# Nouveau SSD - nouvelle installation Windows 10 Critical Process died



## Marko8313 (20 Avril 2020)

Bonjour,
Après énormément de lecture sur ce forum et sur le net, je me vois dans l'obligation de demander de l'aide sur ce forum sérieux. J'espère que je suis dans la bonne section.

Le sujet a été abordé mais non résolu, sur une machine légèrement différente. (Nouveau SSD dans Macbook Air 13" mid 2013)

J'expose mon problème :
Ayant un Macbook pro RETINA 2013 (A1502)
MACOS : 10.15.4
BOOTCAMP : Win10
j'ai choisi d'augmenter mon stockage interne pour diverse raison.
J'ai donc choisi l'option SSD *Crucial P1 CT1000P1SSD8 *(         Crucial P1 CT1000P1SSD8 SSD Interne 1To (3D NAND, NVMe, PCIe, M.2)     ) + adaptateur M2 PCIe (         KALEA INFORMATIQUE © - Adaptateur M2 PCIe vers Mac 2013 2014 2015 2016 2017 avec SSD en 12+16 Points - Compatible NVMe pour Les Mac Produits après 2      - NOTA: ceci n'est pas une pub . C'est ma config actuelle.

J'ai donc sauvegarder ma machine avec Time machine, fais une installation propre de catalina via clé USB bootable, puis réinstallation de mes données. Jusque là tout va bien car MacOS fonctionne parfaitement (hormis un drainage de batterie légèrement supérieur - mais ça reste minime) - il se peut que cela ait son importance.

Où cela se corse, c'est à l'installation de bootcamp.
En effet, en utilisant l'utilitaire Botcamp, en utilisant l'ISO Win10_1909_French_x64 (téléchargé depuis le site de microsoft)- je suis donc allé jusqu'au bout de l'installation Windows ou du moins jusqu'au premier redémarrage.
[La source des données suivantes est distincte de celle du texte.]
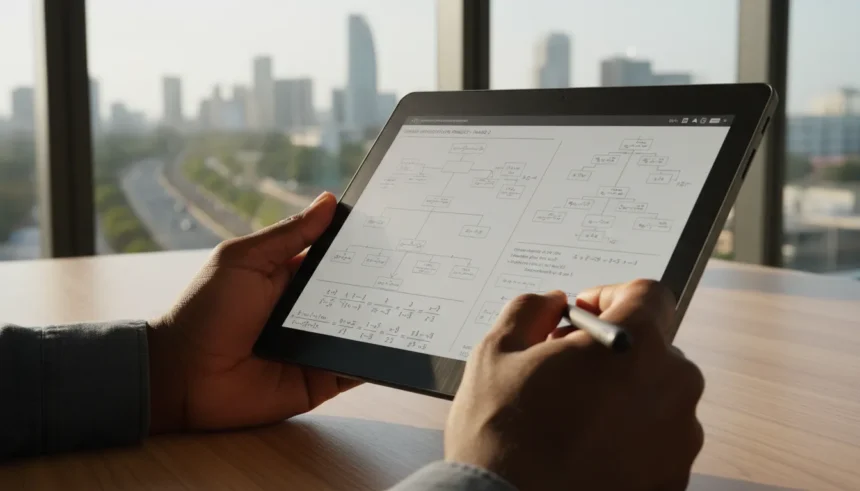 E-reader aberto em um PDF técnico com gráficos. Saiba se E readers valem a pena para gerenciar documentos complexos.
Et à ce moment j'ai obtenu une erreur du type : "L'ordinateur a redémarré de manière inatendue ou a rencontré une erreur inattendue. L'installation de windows ne peut pas continuer. Pour installer Windows, cliquez sur Ok pour redémarrer l'ordinateur, puis redémarrez l'installation".
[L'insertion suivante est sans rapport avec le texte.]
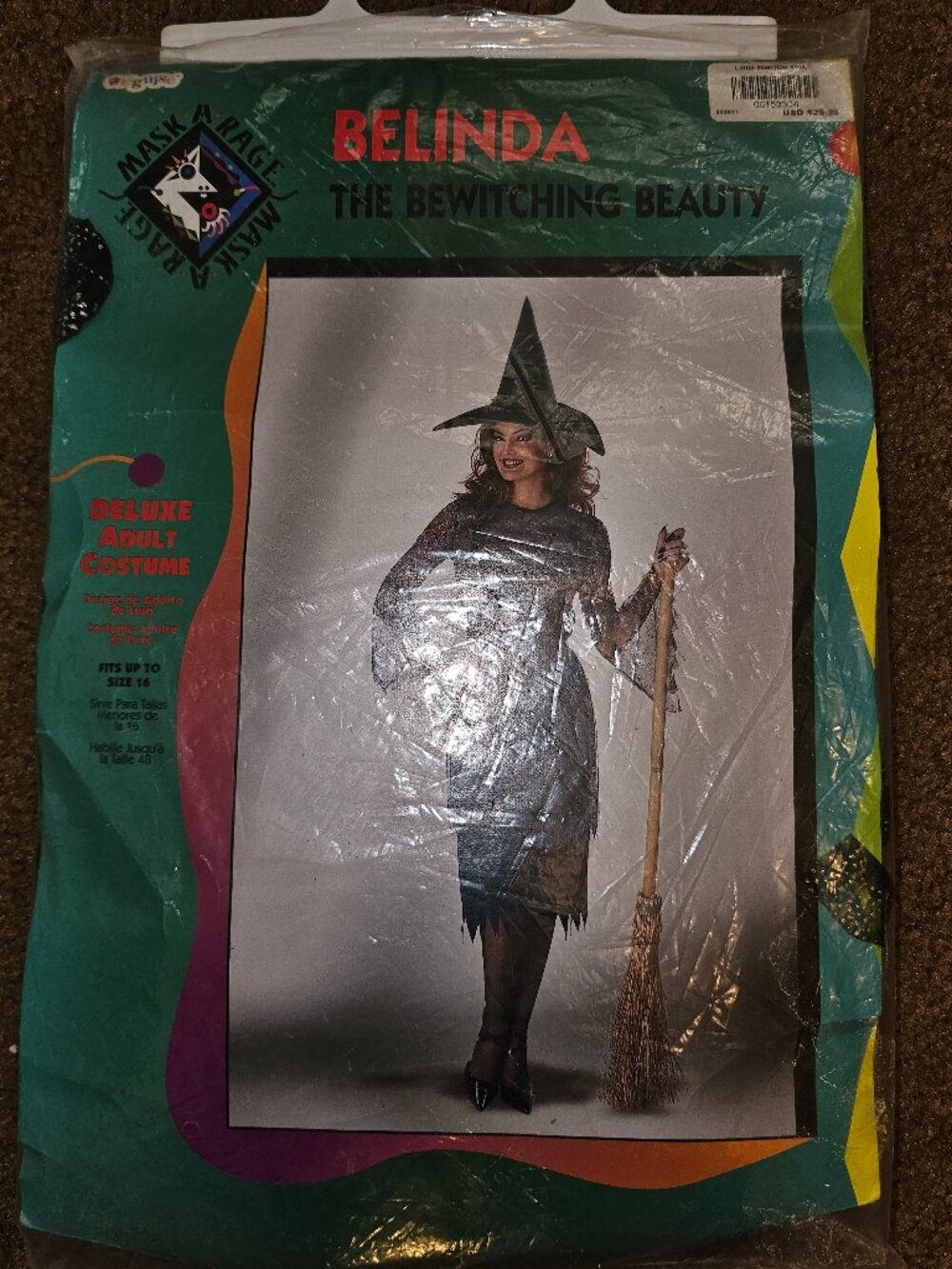 Mask-A-Rage Belinda the Bewitching Beauty Witch Adult Costume Size:16 (4 piece)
J'ai essayé plusieurs reboot, parvenir à obtenir les console de récupérer, mais en vain.

Je me suis alors dit que j'avais, peut-être, une fausse manip. alors j'ai désinstallé Bootcamp via l'utilitaire BOOTCAMP et recommencé. mais toujours en vain.J'ai alors tenté de tout reformater et tenter une instal via MOJAVE. (pourquoi pas?) mais le résultat est le même.

J'ai investigué pas mal de piste :

Le module de conversion (j'en ai commandé un nouveau d'une autre marque - celui cité précédemment) - résultat identique
Tenter d'accéder aux paramètres avancé de l'installation de Win10 - idem
Réinstaller Win10 sur un MacOS vierge et différent.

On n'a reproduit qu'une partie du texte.